To that end, Bread, as part of the Circle of Protection coalition, has sent each presidential candidate a letter asking him or her to state on video how they propose to provide help and opportunity to hungry and poor people in the U.S. and abroad.
Bread activists: View the videos received so far.
The presidential videos are a major part of Bread’s efforts to make hunger and poverty part of the national conversation during the campaigns for both president and Congress.
“Power needs to be local and limited because the closer government is to the people, the more accountable it is to the people who are being governed,” said former Arkansas governor Mike Huckabee (R) in his video. He also stated he would focus on helping every American earn the “maximum wage” instead of fighting over the minimum wage.
Among the Democrats who have submitted videos is Vermont senator Bernie Sanders. “What we need in this country and what this campaign is about is a fundamental change in national priorities,” he stated in his video. Sanders named creating jobs, raising the minimum wage, pay equity, and making college affordable as ways of addressing poverty.

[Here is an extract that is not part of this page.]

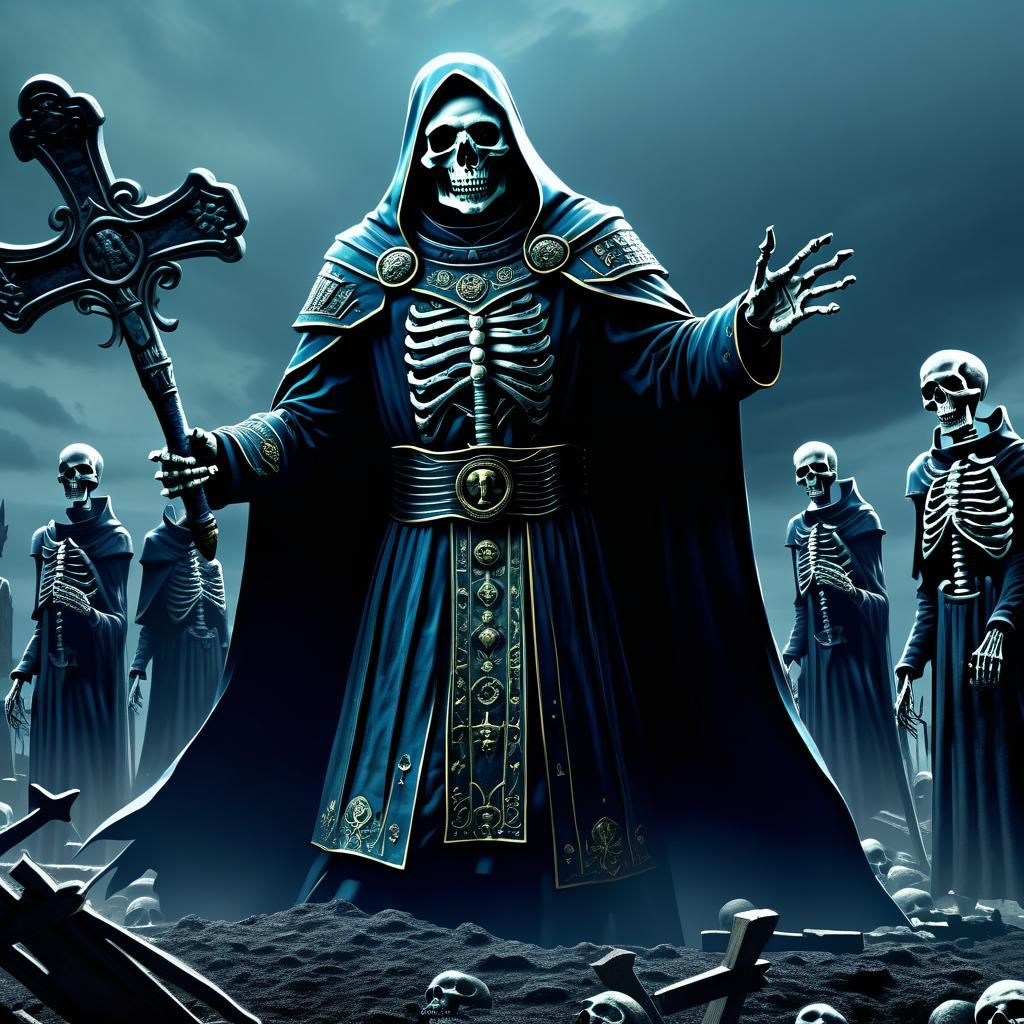 Epic Undead Priest in Graveyard Digital Painting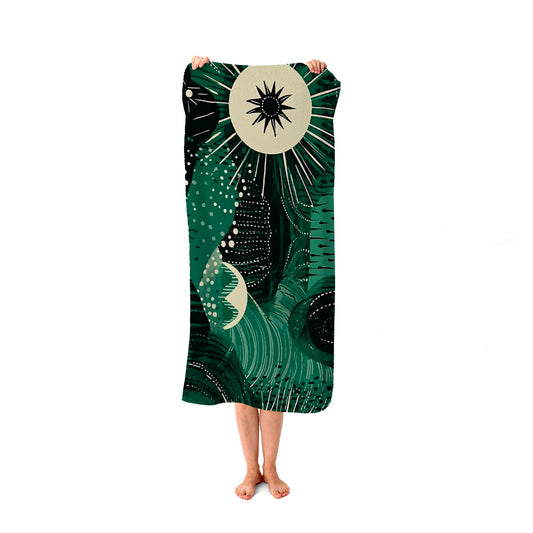 Abstract Green Moon Beach Towel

Circle of Protection members, including Bread, will not publicly evaluate the policy positions or endorse any candidate. The coalition hopes to receive a video in response to its request from each candidate, and it will make public all videos it receives.
The Circle of Protection is distributing the videos through its members’ networks. Bread and other coalition members have been pitching the videos to media outlets, and they have received more than 48,000 views on YouTube. Media outlets from the Boston
Globe to Mother Jones have carried articles about the videos.
Organized in 2010, the Circle of Protection is a group of 100 leaders from a diverse array of Christian denominations, agencies, and organizations across the country. Bread has a major leadership role in the coalition.
"We are praying for a president who will make ending hunger and poverty a top priority of his or her administration. Are you that leader?" the letter to candidates asked.
"We will be calling on people of faith to examine presidential candidates to see if they have a heart for poor and hungry people. We want to know how each candidate proposes to fulfill the mandate to those who govern to ’give deliverance to the needy’ (Psalm 72),” the leaders added in the letter.
According to the latest U.S. Census data, 49 million Americans are at risk of hunger, while 45 million live in poverty. One in five children lives in poverty. That is 15 million children, 5 million of them under age 6.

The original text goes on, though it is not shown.